In a May 20 letter to Levin, Dempsey said taking away a commander's ability to convene a court-martial would "radically" alter a principal tenet of military law dating back two centuries and merged more than 60 years ago into a single Uniform Code of Military Justice.
"While Congress has modified the UCMJ from time to time, it has never removed commanders from the military justice system," Dempsey wrote. "The consequences of such a decision would be far-reaching and extraordinarily damaging to the nation's security."
Whether all or parts of Gillibrand's Military Justice Improvement Act are added to the defense policy bill for the 2014 fiscal year remains to be seen.
But changes are coming. The GOP-led House Armed Services military personnel subcommittee used Hagel's April recommendation as a starting point and then went further in a bill it approved two weeks ago.
In addition to taking away the authority to reverse courts-martial rulings, the subcommittee voted to establish dismissal or dishonorable discharge as the mandatory minimum sentence under military law for service members found guilty of rape, sexual assault, forcible sodomy or an attempt to commit those offenses. Commanders also would be barred from reducing or commuting the minimum sentence except in situations where the accused substantially aided the government in the investigation or prosecution of another assailant.

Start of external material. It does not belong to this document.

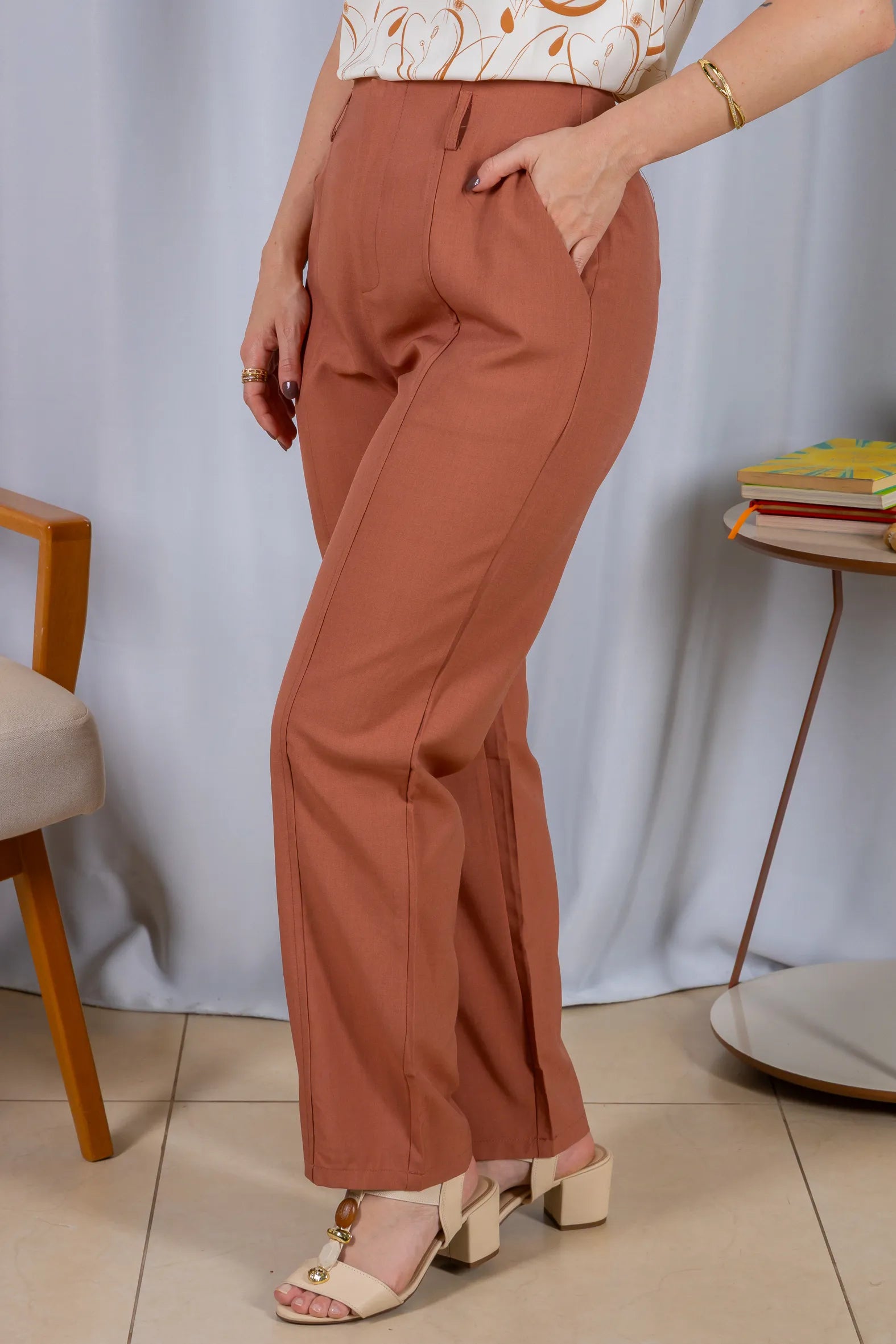Calça Alfaiataria Corte Reto Friso e Cós Infinito Bianca Terracota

The House bill, however, stops short of taking those cases outside the chain of command, as Gillibrand's bill proposes. Rep. Michael Turner, R-Ohio, who co-chairs the House Military Sexual Assault Prevention Caucus, said the focus should be on preventing sexual assaults, not scrapping central elements of the current military justice system.
The hearing June 4 may indicate how far the Senate Armed Services Committee is willing to go. A final plan will eventually be produced after any differences between the House and Senate are resolved.
Levin has not publicly stated his position on Gillibrand's proposal but has made clear he is dissatisfied with the Pentagon's efforts to eradicate what he has described as the "plague of sexual assaults in the military."
And Sen. Claire McCaskill, D-Mo., an Armed Services Committee member and critic of the Pentagon's handling of sexual assault cases, isn't co-sponsoring Gillibrand's bill, backing instead many of the changes the House panel approved.
McCaskill told reporters last month that she's not opposed to Gillibrand's legislation but wants to be sure Congress doesn't squander a chance to pass a bill because of partisan differences over its scope. "I am tired of trying to legislate around the gridlock in Congress," she said.